Stains needed to raise $7,000. He received donations from several local businesses, and then began asking service clubs. He started by giving a presentation to the Fairfield Kiwanis Club.

Kiwanis Club president Daryn Hamilton said the club agreed to donate the remaining $2,500 Stains needed to complete the project.

“This is the type of project we look for every year in order to give back the money we raise at Old Threshers and Kids’ Day,” Hamilton said.

Stains is working on creating a memorial to the donors to be placed near the equipment.

All fundraising was finished by Thanksgiving 2016, and all of it was through the Fairfield Parks and Recreation Foundation, which is tax exempt.

Construction lasted two days near the end of April.

“The installers used lasers to line everything up,” Stains said. “They did a beautiful job.”

The concrete needed three days to cure, and then mulch was laid on top. By early May, the equipment was ready for public use.


The equipment

The equipment is all on the same mulch bed but broken into separate pieces. One piece of it is a series of monkey bars, with chin-up bars on both sides.

“The chinning bars are of different heights to accommodate tall and not so tall people,” Stains said. “People can do chin-ups on the monkey bars, which are at an intermediate height, if that is best for them.”

Stains said that pull-ups, with an overhand grip, focus on building muscles in the upper back, while chin-ups strengthen the chest and arms. A person can also do a neutral-grip pull-up by holding onto two parallel bars on the monkey bars.

“Those focus on the biceps, the vanity muscle,” Stains said.

The balance beam is less than a foot off the ground, thus making it easy to step onto and off. Stains said that piece is especially useful to old people who need to improve their balance.

“Part of the reason people lose their balance and fall is due to weak muscles around the ankle and the lack of practice balancing,” Stains said. “I’m 66, so I’m starting to think about these things.”

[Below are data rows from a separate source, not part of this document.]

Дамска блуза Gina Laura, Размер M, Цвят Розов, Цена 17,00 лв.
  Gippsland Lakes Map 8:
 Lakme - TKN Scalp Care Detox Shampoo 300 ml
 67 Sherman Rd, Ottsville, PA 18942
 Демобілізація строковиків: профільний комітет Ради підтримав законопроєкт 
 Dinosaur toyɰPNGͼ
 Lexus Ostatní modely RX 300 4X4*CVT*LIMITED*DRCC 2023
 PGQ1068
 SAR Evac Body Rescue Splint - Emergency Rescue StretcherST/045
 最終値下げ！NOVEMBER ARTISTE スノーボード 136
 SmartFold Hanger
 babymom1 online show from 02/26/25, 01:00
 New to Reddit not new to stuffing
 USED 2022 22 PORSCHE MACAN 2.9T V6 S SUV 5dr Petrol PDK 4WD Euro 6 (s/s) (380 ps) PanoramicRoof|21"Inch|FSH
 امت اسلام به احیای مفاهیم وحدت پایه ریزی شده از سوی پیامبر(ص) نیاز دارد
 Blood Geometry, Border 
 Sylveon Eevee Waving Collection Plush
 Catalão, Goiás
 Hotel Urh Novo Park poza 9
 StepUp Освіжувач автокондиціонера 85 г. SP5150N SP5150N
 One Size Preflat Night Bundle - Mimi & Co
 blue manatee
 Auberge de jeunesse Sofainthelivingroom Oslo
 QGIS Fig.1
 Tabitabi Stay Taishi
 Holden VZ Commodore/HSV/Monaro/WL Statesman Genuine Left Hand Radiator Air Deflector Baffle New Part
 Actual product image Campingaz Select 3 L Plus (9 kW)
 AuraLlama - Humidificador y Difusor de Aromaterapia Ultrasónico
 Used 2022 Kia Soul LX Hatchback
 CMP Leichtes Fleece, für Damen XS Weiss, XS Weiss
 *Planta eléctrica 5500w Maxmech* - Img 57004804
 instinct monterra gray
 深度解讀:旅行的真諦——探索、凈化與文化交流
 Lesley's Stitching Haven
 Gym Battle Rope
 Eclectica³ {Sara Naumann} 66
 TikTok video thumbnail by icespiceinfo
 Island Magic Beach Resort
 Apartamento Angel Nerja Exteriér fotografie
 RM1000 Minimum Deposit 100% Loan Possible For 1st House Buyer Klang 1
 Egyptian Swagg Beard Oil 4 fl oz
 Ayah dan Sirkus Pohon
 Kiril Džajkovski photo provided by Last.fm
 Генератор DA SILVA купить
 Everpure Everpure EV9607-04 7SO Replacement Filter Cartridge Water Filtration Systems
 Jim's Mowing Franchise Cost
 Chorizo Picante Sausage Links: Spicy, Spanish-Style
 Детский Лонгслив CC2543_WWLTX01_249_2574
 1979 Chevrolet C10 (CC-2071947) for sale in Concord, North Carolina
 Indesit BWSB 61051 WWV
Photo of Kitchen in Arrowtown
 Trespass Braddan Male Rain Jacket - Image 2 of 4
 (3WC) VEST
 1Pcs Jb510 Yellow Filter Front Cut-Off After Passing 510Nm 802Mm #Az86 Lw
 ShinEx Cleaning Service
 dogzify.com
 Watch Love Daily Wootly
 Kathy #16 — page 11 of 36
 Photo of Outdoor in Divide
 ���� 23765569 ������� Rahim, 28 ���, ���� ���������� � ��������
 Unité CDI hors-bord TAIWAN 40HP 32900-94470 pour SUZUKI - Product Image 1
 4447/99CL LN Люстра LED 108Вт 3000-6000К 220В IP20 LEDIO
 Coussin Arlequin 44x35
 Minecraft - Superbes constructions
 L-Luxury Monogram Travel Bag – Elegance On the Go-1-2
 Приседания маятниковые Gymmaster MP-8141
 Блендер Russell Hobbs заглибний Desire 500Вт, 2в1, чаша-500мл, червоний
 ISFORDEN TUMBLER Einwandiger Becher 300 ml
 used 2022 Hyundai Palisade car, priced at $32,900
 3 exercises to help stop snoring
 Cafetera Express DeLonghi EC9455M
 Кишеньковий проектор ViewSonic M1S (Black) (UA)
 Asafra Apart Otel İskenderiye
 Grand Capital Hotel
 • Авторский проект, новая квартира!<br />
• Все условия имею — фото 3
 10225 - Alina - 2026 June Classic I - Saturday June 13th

One of the exercises a person can do on the balance beam is the “superman” pose, which involves bending over at the waist, putting one’s arms out to the side and lifting the other leg so it’s pointing straight back.

“Another exercise you can do with balance beam is to hop over it with sideways jumps,” he said. “You can also use it for pushups because it gives you a clean surface to work with.”

The balance beam allows a person to do a seated dip, too, which involves sitting on the bar with one’s feet to the side, and then pushing oneself up while in a seated position. Stains said that works the shoulders and triceps.

On the north side of the mulch bed are two parallel bars about 3 or 4 feet off the ground. Stains said they can be used to do dips, where a person holds onto the bars with their arms, lets their legs hang below them, and dips their torso.

“You can also walk on your hands across the parallel bars with your legs dangling below,” Stains said. “If you’re really good, you can walk across with your legs in the air above your hands.”

The last piece of equipment is a vertical ladder. Stains said it can be used to climb up and down like soldiers use them in basic training.

“It’s also good for stretching your hamstring,” he said. “If you had a really strong core, you could do a flag on it, where you put one hand on a lower wrung and the other on an upper wrung while holding your body out horizontally.”

Stains said he’s been pleased with the public response to the equipment so far.

He received a photo from a friend doing a handstand on one of the pieces.


Comments (1)
Posted by: Sonia Gunderson | Jun 07, 2017 16:50

What a wonderful contribution to our community! Thanks, Brian Stains, for conceiving and spearheading this project, to Fairfield Parks and Rec for supporting it, and to Kiwanis and other donors who provided funding. Not only is this a boon for residents, but it represents the spirit of community engagement that makes Fairfield such an exciting place to live!